Dispensing technician Carl Krueger works in one of Promega's environmental control rooms. Promega in March ramped up production of some materials used in COVID-19 tests.

While the food and hospitality industry was forced to go dormant during the pandemic, Madison’s many biotech and health companies went into overdrive in response to the spread of the coronavirus.

Machinery at Teel Plastics removes swab sticks used for COVID-19 tests from a mold.

Some businesses, including Fitchburg-based Promega Corp. and the Madison facility of pharmaceuticals company Catalent Biologics, immediately began manufacturing products to help with testing, treatments and eventual vaccinations for the new disease. Products made in these facilities have been used around the world.

“We’ve taken the approach of listening and learning from our customers, the science community and our employees so we can understand what’s coming next and do our best to prepare and respond to it,” Promega's vice president of corporate affairs Penny Patterson said.

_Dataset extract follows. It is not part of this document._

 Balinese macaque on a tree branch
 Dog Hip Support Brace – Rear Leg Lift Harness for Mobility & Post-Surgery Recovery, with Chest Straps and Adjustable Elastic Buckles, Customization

Exact Sciences, based in Madison, works in cancer diagnostics, but when COVID-19 took hold in the U.S., the company began using its labs to also process tests for the virus. In 2020, the company tested more than 2 million samples and ran on-site tests for its employees as well.

“This allowed our laboratory operations to continue, largely uninterrupted by the virus,” spokesman Scott Larrivee said. “Keeping staff healthy meant patients and providers got timely, needed cancer test results, and additional lab capacity could be devoted to the COVID-19 testing effort.”

Epic Systems Corp., based in Verona, also had a hand in various aspects of the COVID-19 response. The company created and installed software for testing sites, used artificial intelligence to help assess the risk of hospitalized COVID-19 patients, and helped health care providers begin using telehealth programs to see patients and more.

“We work directly with health care organizations. Therefore, all the massive challenges they faced, we faced with them,” said implementation executive Nick Frenzer.

Growth and expansion

Workforce expansion was a significant part of the COVID-19 response for many of these companies. Over the last year, Promega hired about 330 employees with more than 100 of them working on COVID-19-related efforts, and the company expects to keep many of these employees on staff once the pandemic subsides.

Catalent, which manufactures drug substances — active ingredients in pharmaceuticals — added 150 employees to its previous staff of 400, and opened a 60,000-square-foot addition to its facility last year.

“Our Catalent Madison site was experiencing strong growth prior to the pandemic, but our role in COVID-19 vaccine and treatment production accelerated that growth,” general manager Graham Brearly said.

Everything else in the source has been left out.